Since the launch of the GIDNA project, the foundation has been supported by the media and opinion leaders, including Jamala, Alan Badoev, Dasha Astafieva, Nadia Dorofeeva, Olya Polyakova, and KAZKA. Also, to support and develop GIDNA, FFU Ukraine took part in the charity auction at the fair of creative people in New York "I am u are". At the event, the foundation presented the "Venus" lot — a vase in the form of the outlines of a female body created by the Ukrainian brand YAKUSH. In addition, they also collected funds for GIDNA at the Spilka Charity Market in Kyiv.

GIDNA is supported by The Israel Trauma Coalition.

== Help for children ==
On June 6, 2022, the Future For Ukraine Foundation opened Children Hub in Warsaw — a center for the adaptation, development, and psychological support for Ukrainian displaced children who moved to the Polish capital to escape the war. Children Hub provides consultations of psychologists, speech therapists, creative activities, entertainment, etc.

From the beginning of the hub's work until April 2023, 933 families applied to the Children Hub.

Also, in February 2023, the Future of Ukraine Foundation opened the LEVCHYK SPECTRUM HUB center in Lviv, which provides remedial classes for children with autism. The main goal is the development and socialization of displaced children with ASD, as well as their adaptation to the new realities of life during the war.

==="Children. War. Future." charity expo===
From July 9 to 17, 2022, the "Children. War. Future." exhibition from the FFU Foundation took place in Kyiv Metro, where 300 children's drawings created during the Russian invasion of Ukraine were presented.
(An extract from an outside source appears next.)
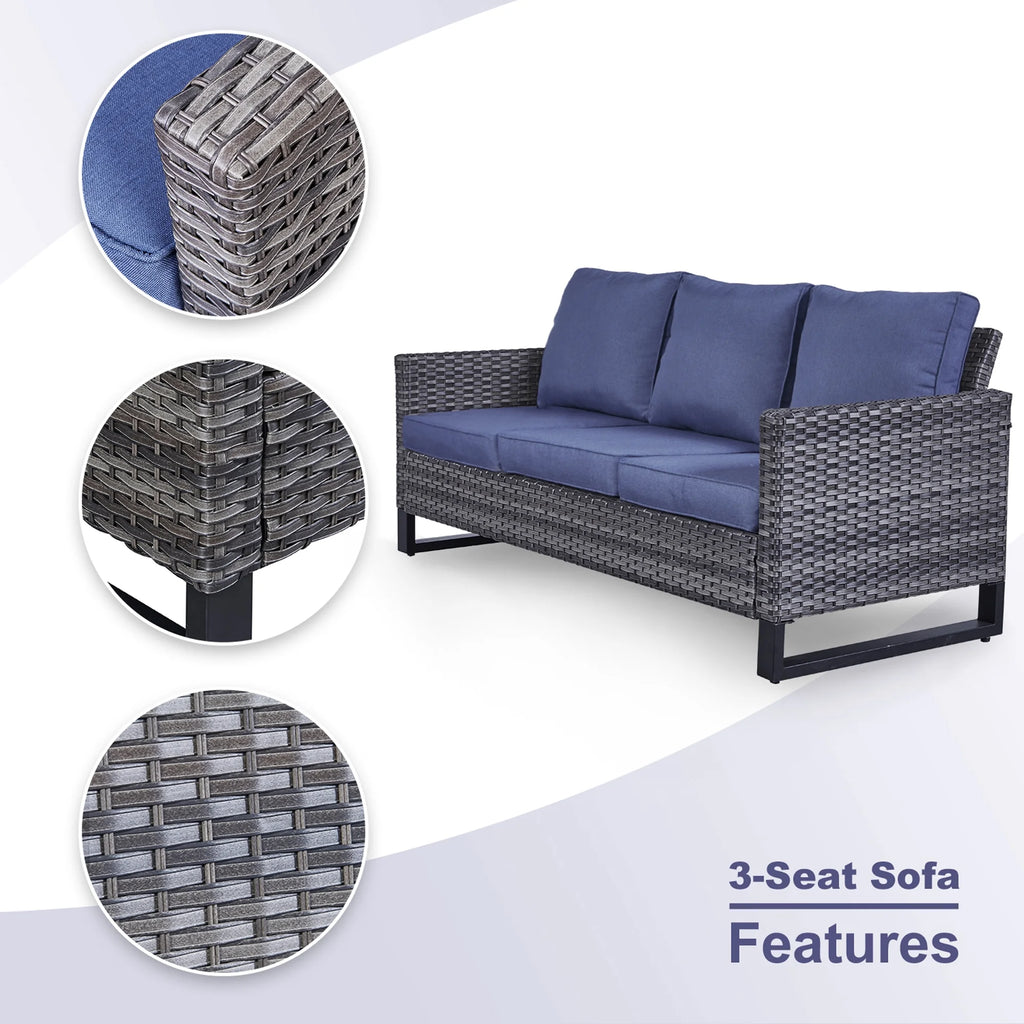 Blue Cushion Rattan Patio Furniture Set with Sofa, Chairs, Coffee Table and Ottomans G435007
Some of the drawings for the exhibition were provided by the project “Mother, I See the War”, which constitutes a collage of children's works for a charity NFT auction and digital museum. The rest of the artworks are drawn by orphaned children who lost their parents during Russia's war against Ukraine.

== Partners ==
According to the information on the FFU official website, they have secured the support of more than 40 Ukrainian and international partners from various fields for the first year of the fund’s operation. In particular, in the medical direction, FFU Ukraine cooperates with Rochester Regional Health, BROTHER'S BROTHER FOUNDATION, MCOP (Medical Center Orthotics & Prosthetics), Steward Health Care Malta, Israel Trauma Coalition (ITC), and other organizations.

In humanitarian missions, FFU Ukraine is supported by the "METRO Cash and Carry Ukraine", L'Oréal Ukraine, "Tvoia Opora" Charity Foundation, Public Movement "Vilni", Revival Charity Foundation, Good Bread Bakery, and others.

Pfizer allocated $1 million for the prosthetics of the Ukrainian veterans. Following the successful implementation of the grant assistance, the Pfizer Foundation allocated another $450,000 to the FFU Foundation for the Prosthetics of Ukrainian Defenders program.

The money has been granted for the Prosthetics program for Ukrainian veterans with complex cases of amputees, which is implemented by the Future for Ukraine(FFU) Charitable Foundation and supported by the leading prosthetic clinic Medical Center Orthotics & Prosthetics (MCOP).